I am trying to create a custom audio dataset with local files: I have the audiofiles (mp3) and the corresponding metadata (json). I can’t upload the data to the huggingface hub, because it’s confidential. Does anyone know if there is a way of creating the audio set without uploading the data to the hub?
Hi! You can use the AudioFolder to quickly create the dataset, and make sure you have the metadata file in the same directory (check out the docs here for more details!)
from datasets import load_dataset
dataset = load_dataset("audiofolder", data_dir="/path/to/data")
I did some checks yesterday and sort of worked. I am currently at training step and the training process fails due to PYTORCH_CUDA_ALLOC_CONF error (which I am trying to resolve).
What did I do:
Arrange my data in a local folder with the names audio_0.wav, audio_1.wav… , audio_N.wav.
df train was a pandas dataframe in my case with information like label for each audio file
audio_dict = {}
audio_dict[‘audio’] = [“path/to/audio_1”, “path/to/audio_2”, …, “path/to/audio_n”]
audio_dict[‘label’] = [x for x in df_train.label]
audio_dict[‘split’] = len(df_train)*[‘train’]

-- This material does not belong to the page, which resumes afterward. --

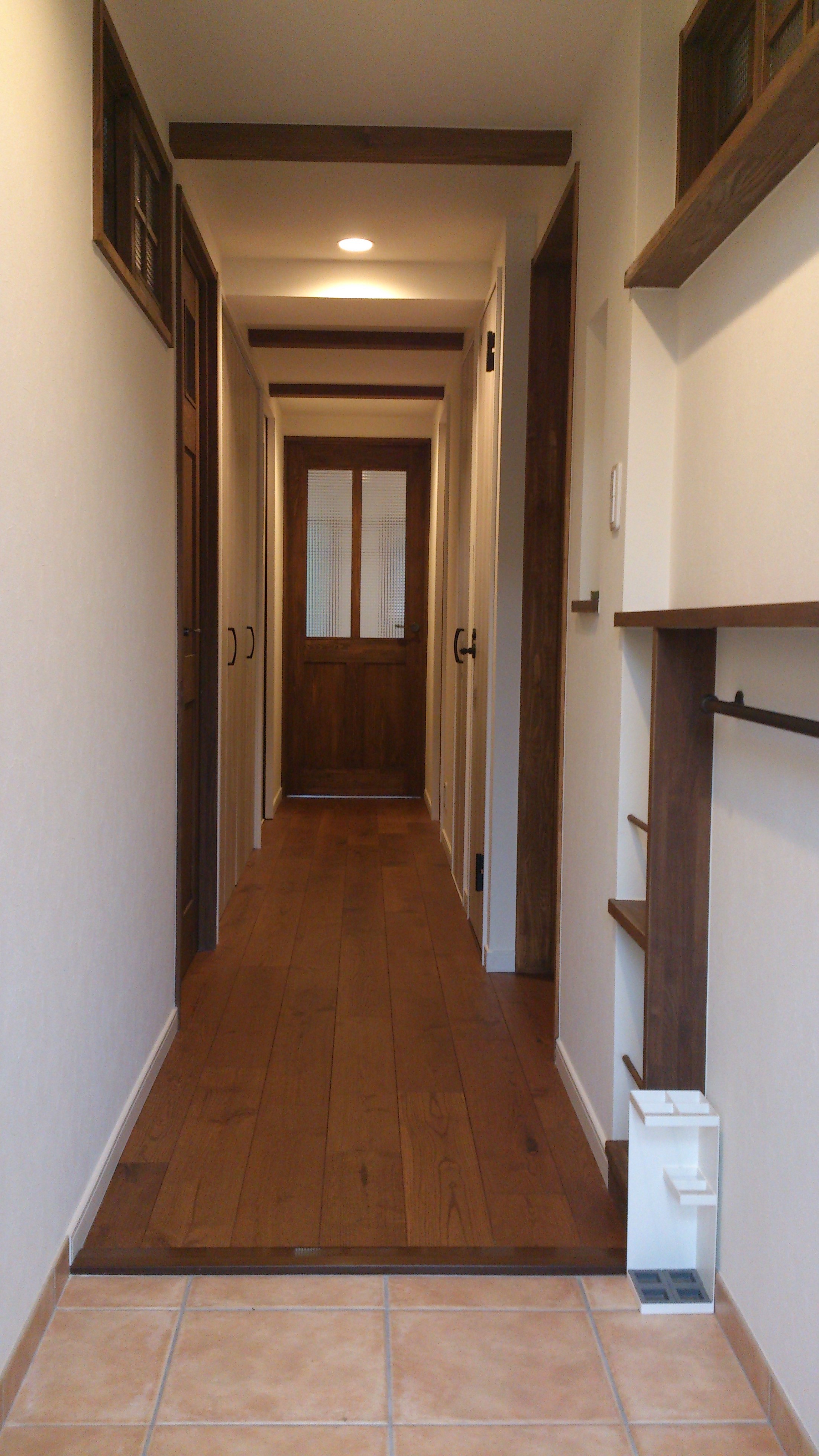 木の温もりを感じる玄関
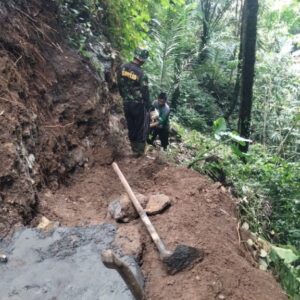 Satgas TMMD 126 Buka Jalur Pipa Air di Lereng Terjal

audio_dataset = Dataset.from_dict(audio_dict).cast_column(“audio”, Audio()) #note: for now i am not using the split column anywhere in my code, it can be omitted i think
once i got my audio_dataset object, i replaced the “dataset” object with “audio_Dataset” in this notebook, Google Colab
However, I solved my initial issue: I saved the metadata in a json file, which is wrong. You have to save it in a jsonl file. After I changed the file type, audiofolder worked for me.